If you have never seen a Tom Mix western, this is the one you should see! The plot is rather old hat. The hero wears a mask to hide his identity, but this was before the Lone Ranger and several other masked heroes. It was all new in 1926. - Organ music by Marvin Faulwell & percussion by Kathy Combs
Saturday, February 28, 2009 - staring time 9AM
The Poor Little Rich Girl (1917)
Mary Pickford (65 min.)
This is the feature film that put little Mary Pickford on the map as a star. She was known before, but this one put her name above the title and fans came to see her pictures after this no matter what the title was. It was also a role that typecast her forever as a child afterwards. Even when she was 33-years old, she was still playing little girls and was known as ‘America’s Sweetheart’.
This delightful yet important story is about family and the importance of family.

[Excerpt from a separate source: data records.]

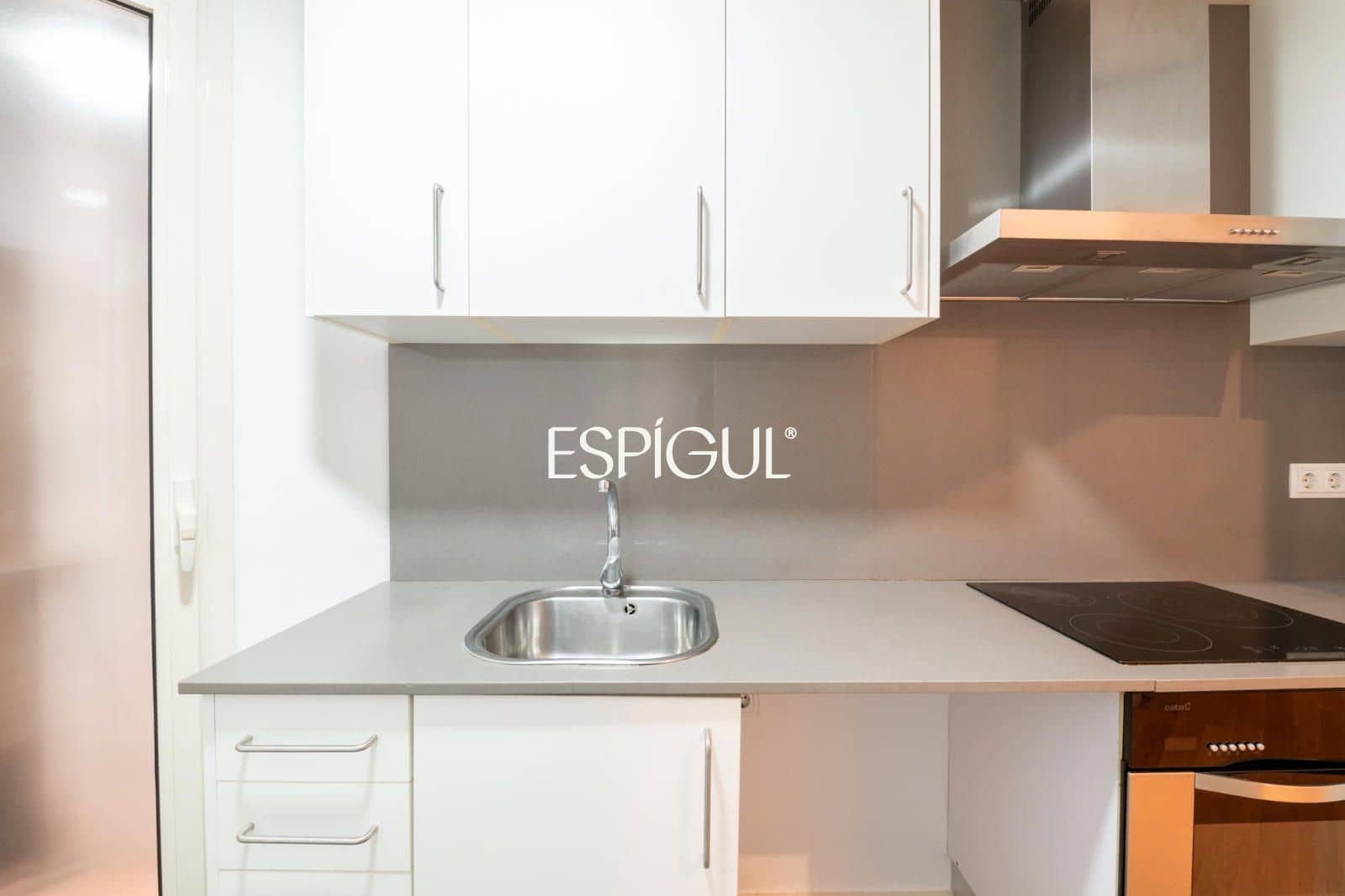 Piso de 2 habitaciones en Barcelona ciudad en venta - 525.000 € (Ref: 10016469)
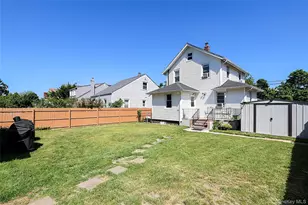110 E Roosevelt Ave, Roosevelt, NY 11575 - Photo 27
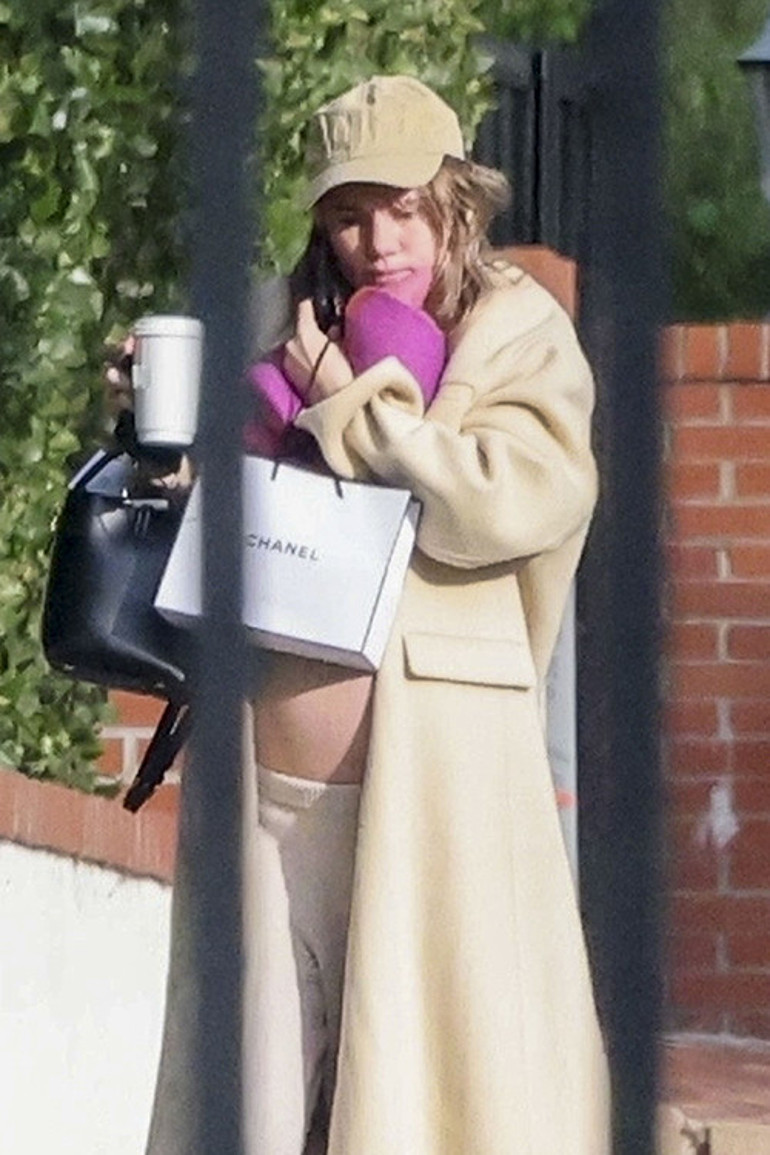 Karnı burnunda kırmızı halıda... Elbisesi üstüne uysun diye paramparça ettiler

The little girl here (Mary Pickford) has everything that money can buy except time with her parents. It was just what a war weary nation needed at the time. - Organ music by Marvin Faulwell
Special Kansas Premiere:
Mary Pickford: The Muse of the Movies
(2008 documentary by Nicholas Eliopoulos 101 min.)
Film-maker will be here in person for introduction and Q & A
This new documentary traces the life and work of the legendary silent film star, movie pioneer, and keen business woman who co-created United Artists Studios. Pickford’s life (1892-1979) also parallels an even larger story, the telling of the “birth of the cinema” itself. Mary, known as “America’s Sweetheart” was the first actress to earn one million dollars during a single year, and the only star to ever receive a 50% profit share of her movies.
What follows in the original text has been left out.